‘They Kept Us Alive for Thousands of Years’: Could Saving Palestinian Seeds Also Save the World?

Vivien Sansour, founder of the Palestine Heirloom Seed Library, believes biodiversity could help feed an entire planet in crisis

March 29, 2024 | Source: The Guardian | by Whitney Bauck

The first year that the Hudson Valley Seed Company tried growing yakteen at their farm in upstate New York, the heirloom variety of Palestinian gourd quickly spread until its vines were sending their tendrils across a full acre of land. Born of a partnership with the artist, researcher and conservationist Vivien Sansour, that pilot plot was just one of many pieces of evidence supporting Sansour’s thesis: that saving Palestinian heirloom seeds could benefit not just Palestinians, but could help feed an entire planet in crisis.

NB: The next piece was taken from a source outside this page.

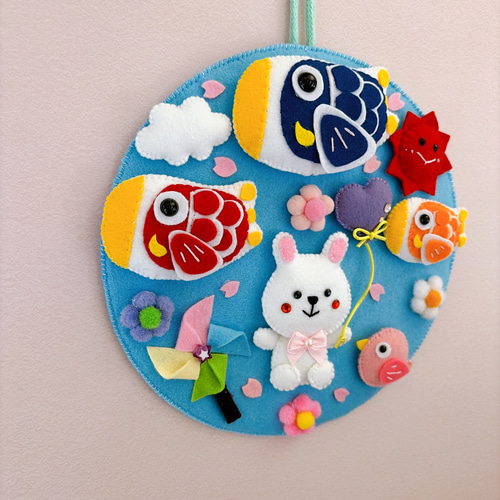 こいのぼりのフェルトリース＊玄関飾り＊季節の壁飾り 約20cm リース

Sansour is the founder of the Palestine Heirloom Seed Library, a project that began in 2016 to conserve Palestinian heritage and culture by saving heirloom seed varieties and telling the stories and history from which they emerged.

The project feels particularly urgent against the backdrop of Israel’s continuing bombing of Gaza, the “man-made” famine that aid groups warn is imminent there and the knowledge that last year was the hottest ever recorded.